Quote Originally Posted by Metis View Post

I finished reading the book. So, the blue spot has healing powers--if you lick it. But probably only temporary, like Nutmeg's. It's too bad that no one came up with a permanent solution to heal inner globs. I feel like, whether or not Toru or Kumiko had an inner 'glob', the clients who had them should have taken more proactive measures to find their own solutions, instead of repeatedly paying a healer for sessions without long-term effects. Toru healed his own blue spot by confronting the other world, and Creta--if it worked as she'd planned--repaired hers by having sex with her last prostitution client, Toru. (This author sure finds a lot of odd uses for sex!) But the wealthy women keep paying for temporary healing from others. They need to discover their own versions of the well, or the last prostitution client.
Yes comparing with Toru clients seem to choose very passive way of dealing with their "problems"- or rather making them go away for the while.

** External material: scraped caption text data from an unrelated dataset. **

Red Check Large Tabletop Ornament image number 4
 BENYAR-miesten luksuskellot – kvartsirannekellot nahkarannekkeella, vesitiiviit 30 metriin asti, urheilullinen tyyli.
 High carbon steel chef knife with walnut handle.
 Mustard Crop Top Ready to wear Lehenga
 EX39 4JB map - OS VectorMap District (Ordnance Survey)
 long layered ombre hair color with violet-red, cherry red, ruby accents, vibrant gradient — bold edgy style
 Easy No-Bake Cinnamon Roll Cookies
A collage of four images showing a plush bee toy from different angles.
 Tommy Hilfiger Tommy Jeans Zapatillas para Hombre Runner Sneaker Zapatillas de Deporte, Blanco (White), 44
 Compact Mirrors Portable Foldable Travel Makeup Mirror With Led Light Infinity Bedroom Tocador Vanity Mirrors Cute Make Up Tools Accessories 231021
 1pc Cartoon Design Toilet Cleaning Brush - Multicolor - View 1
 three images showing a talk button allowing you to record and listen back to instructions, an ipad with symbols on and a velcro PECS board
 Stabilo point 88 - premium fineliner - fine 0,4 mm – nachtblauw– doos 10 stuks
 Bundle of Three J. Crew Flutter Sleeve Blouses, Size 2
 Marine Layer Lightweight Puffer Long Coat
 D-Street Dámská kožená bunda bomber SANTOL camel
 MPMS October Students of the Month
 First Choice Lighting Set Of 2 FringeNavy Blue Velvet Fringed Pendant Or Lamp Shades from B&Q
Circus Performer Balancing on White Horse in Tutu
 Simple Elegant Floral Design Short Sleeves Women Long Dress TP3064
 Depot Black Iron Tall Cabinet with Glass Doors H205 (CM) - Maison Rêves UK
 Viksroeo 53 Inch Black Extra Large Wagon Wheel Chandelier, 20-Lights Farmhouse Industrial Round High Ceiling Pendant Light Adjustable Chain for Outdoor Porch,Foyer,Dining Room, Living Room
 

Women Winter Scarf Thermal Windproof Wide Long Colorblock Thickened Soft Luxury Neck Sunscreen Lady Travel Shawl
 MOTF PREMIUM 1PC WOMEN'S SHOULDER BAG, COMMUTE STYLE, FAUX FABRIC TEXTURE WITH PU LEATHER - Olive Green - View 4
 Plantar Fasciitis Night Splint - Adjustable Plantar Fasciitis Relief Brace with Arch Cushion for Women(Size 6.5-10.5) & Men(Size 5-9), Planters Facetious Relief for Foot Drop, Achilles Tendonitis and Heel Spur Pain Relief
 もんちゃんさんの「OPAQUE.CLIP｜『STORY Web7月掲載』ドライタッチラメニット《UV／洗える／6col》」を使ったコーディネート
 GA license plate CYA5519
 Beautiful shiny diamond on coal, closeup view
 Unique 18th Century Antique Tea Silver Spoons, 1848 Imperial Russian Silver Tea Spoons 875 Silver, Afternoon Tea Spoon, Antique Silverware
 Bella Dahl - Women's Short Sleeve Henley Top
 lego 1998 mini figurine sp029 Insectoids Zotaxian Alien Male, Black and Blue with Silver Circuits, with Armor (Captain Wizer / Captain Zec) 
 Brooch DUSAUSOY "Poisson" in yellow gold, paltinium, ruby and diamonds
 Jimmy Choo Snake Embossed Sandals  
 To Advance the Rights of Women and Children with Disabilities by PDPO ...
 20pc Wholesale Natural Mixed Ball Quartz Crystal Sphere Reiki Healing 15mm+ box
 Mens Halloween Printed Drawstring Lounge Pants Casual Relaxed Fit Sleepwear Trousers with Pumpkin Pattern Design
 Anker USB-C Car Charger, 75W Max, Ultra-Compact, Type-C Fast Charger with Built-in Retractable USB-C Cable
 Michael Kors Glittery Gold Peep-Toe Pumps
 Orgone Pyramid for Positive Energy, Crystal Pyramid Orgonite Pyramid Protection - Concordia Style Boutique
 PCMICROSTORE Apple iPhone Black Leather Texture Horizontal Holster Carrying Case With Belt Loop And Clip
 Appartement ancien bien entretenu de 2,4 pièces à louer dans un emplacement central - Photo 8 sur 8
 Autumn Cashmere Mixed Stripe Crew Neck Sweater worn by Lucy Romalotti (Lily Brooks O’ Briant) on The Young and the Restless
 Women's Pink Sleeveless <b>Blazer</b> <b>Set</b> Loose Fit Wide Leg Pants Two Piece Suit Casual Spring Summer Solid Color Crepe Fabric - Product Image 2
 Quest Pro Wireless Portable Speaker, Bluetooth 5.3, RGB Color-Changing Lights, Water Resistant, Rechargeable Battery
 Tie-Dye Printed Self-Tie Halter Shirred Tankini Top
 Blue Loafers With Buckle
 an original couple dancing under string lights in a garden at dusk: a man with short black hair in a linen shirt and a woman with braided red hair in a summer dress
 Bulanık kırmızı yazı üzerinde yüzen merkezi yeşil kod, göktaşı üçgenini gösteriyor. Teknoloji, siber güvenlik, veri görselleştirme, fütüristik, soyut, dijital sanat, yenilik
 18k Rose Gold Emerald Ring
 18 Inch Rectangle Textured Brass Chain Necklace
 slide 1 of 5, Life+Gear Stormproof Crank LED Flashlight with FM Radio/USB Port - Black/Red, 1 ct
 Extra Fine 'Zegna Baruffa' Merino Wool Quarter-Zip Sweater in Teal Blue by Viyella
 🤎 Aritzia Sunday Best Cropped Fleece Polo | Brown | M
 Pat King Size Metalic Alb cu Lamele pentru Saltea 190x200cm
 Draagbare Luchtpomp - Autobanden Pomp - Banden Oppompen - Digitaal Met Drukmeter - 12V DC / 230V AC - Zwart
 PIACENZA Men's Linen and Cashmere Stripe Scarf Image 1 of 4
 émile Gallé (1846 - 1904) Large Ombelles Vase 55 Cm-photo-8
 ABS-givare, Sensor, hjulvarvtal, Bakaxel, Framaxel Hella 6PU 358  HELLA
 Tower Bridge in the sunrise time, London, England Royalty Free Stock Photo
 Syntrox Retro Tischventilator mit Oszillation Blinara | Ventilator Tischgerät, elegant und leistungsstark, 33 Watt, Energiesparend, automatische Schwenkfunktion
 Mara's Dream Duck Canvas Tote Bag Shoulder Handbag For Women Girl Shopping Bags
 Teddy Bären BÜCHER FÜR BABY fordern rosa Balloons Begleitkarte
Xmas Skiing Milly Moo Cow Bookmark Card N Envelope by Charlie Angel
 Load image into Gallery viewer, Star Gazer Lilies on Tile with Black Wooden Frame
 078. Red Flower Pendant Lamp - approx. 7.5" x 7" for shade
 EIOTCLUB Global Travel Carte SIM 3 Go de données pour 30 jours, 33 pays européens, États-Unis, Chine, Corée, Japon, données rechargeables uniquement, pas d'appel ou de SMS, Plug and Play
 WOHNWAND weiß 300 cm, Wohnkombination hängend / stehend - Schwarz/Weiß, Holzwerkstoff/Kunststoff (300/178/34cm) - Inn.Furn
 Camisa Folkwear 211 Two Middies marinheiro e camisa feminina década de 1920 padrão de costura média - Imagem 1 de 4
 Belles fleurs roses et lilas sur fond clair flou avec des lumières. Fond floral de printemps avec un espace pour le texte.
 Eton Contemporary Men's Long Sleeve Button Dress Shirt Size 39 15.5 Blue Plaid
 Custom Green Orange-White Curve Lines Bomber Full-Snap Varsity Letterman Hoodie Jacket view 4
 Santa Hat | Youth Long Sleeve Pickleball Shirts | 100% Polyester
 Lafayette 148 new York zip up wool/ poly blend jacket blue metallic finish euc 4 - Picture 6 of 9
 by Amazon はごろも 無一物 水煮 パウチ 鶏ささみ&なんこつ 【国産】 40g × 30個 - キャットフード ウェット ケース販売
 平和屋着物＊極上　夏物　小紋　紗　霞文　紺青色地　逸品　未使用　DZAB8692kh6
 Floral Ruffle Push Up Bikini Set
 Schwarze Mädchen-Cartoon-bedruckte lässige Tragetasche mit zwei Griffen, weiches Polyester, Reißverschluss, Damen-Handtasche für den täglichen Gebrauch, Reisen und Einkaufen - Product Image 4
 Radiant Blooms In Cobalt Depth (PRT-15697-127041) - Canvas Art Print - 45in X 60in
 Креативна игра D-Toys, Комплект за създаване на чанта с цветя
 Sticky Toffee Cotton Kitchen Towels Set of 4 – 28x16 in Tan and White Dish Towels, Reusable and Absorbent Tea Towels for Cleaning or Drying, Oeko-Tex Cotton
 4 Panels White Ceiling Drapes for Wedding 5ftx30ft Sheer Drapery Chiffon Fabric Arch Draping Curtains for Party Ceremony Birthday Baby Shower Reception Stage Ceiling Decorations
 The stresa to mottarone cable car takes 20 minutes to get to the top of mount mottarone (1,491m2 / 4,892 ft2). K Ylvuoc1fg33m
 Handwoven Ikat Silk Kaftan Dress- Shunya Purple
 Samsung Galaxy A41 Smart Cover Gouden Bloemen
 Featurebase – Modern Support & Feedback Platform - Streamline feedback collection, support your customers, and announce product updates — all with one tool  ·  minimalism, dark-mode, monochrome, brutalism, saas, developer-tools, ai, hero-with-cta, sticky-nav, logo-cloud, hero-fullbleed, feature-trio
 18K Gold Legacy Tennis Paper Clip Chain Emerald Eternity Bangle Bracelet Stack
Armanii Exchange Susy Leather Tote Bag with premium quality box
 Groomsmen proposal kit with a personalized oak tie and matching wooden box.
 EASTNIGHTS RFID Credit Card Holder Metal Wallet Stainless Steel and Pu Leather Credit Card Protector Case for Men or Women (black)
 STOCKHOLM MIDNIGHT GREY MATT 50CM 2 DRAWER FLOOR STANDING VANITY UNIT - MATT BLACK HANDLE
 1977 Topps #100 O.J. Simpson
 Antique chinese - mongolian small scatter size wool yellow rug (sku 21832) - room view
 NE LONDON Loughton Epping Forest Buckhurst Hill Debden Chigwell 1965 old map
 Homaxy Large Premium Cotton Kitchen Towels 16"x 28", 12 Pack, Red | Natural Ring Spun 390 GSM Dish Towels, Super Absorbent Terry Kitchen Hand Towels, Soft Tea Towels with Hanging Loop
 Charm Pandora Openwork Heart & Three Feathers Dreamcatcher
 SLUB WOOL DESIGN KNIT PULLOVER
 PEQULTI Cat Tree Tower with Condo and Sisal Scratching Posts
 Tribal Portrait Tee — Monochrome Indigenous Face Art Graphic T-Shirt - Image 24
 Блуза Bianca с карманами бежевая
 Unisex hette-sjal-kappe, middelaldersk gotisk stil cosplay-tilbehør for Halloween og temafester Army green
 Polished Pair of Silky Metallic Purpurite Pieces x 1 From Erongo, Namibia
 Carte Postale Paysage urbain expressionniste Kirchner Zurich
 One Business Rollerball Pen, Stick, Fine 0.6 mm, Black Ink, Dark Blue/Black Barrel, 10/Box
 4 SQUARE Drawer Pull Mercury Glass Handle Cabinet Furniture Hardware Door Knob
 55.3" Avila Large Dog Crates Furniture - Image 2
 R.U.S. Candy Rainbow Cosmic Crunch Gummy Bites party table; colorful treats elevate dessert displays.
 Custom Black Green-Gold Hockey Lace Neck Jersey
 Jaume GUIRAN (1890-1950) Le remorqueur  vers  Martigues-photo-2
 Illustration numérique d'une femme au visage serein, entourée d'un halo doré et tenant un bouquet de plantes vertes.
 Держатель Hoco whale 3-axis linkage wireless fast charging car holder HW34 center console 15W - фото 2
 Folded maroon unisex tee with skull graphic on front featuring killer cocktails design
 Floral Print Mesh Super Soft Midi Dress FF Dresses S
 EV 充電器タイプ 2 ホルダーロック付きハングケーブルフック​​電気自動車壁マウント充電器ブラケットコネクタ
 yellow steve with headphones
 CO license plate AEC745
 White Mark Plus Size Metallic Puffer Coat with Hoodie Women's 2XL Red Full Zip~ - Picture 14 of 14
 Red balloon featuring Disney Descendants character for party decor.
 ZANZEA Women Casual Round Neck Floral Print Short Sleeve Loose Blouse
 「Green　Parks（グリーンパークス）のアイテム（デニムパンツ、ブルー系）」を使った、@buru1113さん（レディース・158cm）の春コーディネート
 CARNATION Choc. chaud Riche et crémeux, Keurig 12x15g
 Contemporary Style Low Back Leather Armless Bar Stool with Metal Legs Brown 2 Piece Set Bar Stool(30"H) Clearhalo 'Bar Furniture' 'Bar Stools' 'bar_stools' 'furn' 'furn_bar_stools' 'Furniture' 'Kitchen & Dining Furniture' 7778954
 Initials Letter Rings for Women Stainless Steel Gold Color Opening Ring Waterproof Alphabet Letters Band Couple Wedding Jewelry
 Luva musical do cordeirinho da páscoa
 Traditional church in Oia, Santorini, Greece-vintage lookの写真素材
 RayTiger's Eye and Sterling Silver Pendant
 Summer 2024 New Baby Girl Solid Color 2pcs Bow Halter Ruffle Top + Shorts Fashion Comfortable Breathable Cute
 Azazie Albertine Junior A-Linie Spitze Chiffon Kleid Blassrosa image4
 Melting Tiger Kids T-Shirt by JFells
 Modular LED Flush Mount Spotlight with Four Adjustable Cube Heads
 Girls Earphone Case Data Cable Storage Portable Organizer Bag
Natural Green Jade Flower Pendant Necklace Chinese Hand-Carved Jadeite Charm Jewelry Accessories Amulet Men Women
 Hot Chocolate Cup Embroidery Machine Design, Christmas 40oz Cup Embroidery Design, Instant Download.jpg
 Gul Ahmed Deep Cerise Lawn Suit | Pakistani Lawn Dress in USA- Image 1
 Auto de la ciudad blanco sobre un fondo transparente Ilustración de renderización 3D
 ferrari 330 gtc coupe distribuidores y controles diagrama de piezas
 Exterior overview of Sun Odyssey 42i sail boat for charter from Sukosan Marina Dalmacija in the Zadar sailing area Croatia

It's funny because Toru seems like very passive character. A lot of things seem to simply happen to him. He talk with woman because she calls him, she talks with Malta because Kumiko tells him to, with Kreta because she comes, Nutmeg also found him. He is an observer type and during reading I have a thought that a lot of things happen to him simply because he doesn't say "Leave me alone". On the other hand he can fight for what he believes as for his relationship. The book advises to stop and observe. So perhaps that's a way of being active noticing, understanding and taking opportunities as they come.

My other thought- I was thinking about what was said in the second part of Mamiya story. He wrote that it was easier in past when the evil was more evident. Later it became more masked, more manipulative. (or something similar) I thought that Noboru represented this modern evil - which is making good impression, but is creating the destruction in complex ways.